Now that we are in the more sociable summer season many of us tend to be eating outdoors, eating out at restaurants, more often, and in general sharing food with friends and family or on vacations when and where we are not in our regular control of food. This does not have to become an excuse for giving in to eating foods that we know will set us off on a binge for several days–or even weeks.
Strategy and planning can keep us on track while enjoying all the non-food benefits of gatherings and vacations where we feel more vulnerable. If it is a sharing event, then take your reliable tasty dishes that everyone will probably praise to the rooftops.
Before going to a restaurant you can help to steer the choice of where, like a good steakhouse or seafood place; most restaurants now posts their menus on line, and you can find a few safe choices. My daughter always enjoys at trip to PFChang’s since there isn’t one near where she lives, and I combed their menu and found around ten tasty options I can enjoy there. I take advantage of those hot sauces to get more out of my dishes like steamed Buddha’s Delight.
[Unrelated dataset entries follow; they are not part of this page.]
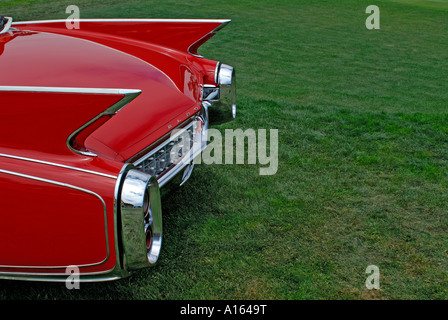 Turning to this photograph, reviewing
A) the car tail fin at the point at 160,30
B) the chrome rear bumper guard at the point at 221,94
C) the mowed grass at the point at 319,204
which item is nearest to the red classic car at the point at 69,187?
the mowed grass at the point at 319,204

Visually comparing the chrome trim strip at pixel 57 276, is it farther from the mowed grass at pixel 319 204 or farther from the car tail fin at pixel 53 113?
the car tail fin at pixel 53 113

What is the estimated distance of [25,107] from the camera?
1.95 metres

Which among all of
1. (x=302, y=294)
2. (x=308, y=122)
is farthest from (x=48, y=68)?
(x=308, y=122)

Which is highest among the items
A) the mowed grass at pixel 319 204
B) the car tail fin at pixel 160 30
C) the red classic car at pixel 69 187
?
the car tail fin at pixel 160 30

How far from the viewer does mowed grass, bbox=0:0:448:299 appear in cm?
244

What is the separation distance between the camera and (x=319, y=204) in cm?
319

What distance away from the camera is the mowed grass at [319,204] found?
244 centimetres

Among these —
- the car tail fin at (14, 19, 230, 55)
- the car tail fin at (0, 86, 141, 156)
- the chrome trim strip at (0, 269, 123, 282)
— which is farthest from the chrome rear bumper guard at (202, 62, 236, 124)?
the chrome trim strip at (0, 269, 123, 282)

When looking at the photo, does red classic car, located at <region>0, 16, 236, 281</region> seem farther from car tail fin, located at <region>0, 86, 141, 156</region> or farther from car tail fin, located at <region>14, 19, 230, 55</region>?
car tail fin, located at <region>14, 19, 230, 55</region>

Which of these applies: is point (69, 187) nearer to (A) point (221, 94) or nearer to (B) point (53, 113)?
(B) point (53, 113)

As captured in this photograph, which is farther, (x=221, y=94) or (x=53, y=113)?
(x=221, y=94)

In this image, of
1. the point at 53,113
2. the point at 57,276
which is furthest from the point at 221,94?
the point at 57,276

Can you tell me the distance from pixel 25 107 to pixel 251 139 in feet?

But planning makes a difference! If you decide that this occasion you will enjoy a rare treat, decide how you will do this; I opt to share with my spouse or ask for a bowl of plain berries. Most restaurants can provide berries at the cost of a regular dessert.
We are hosting some family members to stay at our house, and I have asked them in advance if they like the kind of protein diet we eat, which means I don’t have an excuse for buying junk that would unduly tempt me, like cold cereals.
A very minor amount of thinking and you will be proud of being in control. Staying sugar sober is more important than any food we might eat. A minute on the lips, a lifetime on the hips is a well-known saying, but may a sugaraholic would add, and days or weeks out of control on a sugar binge.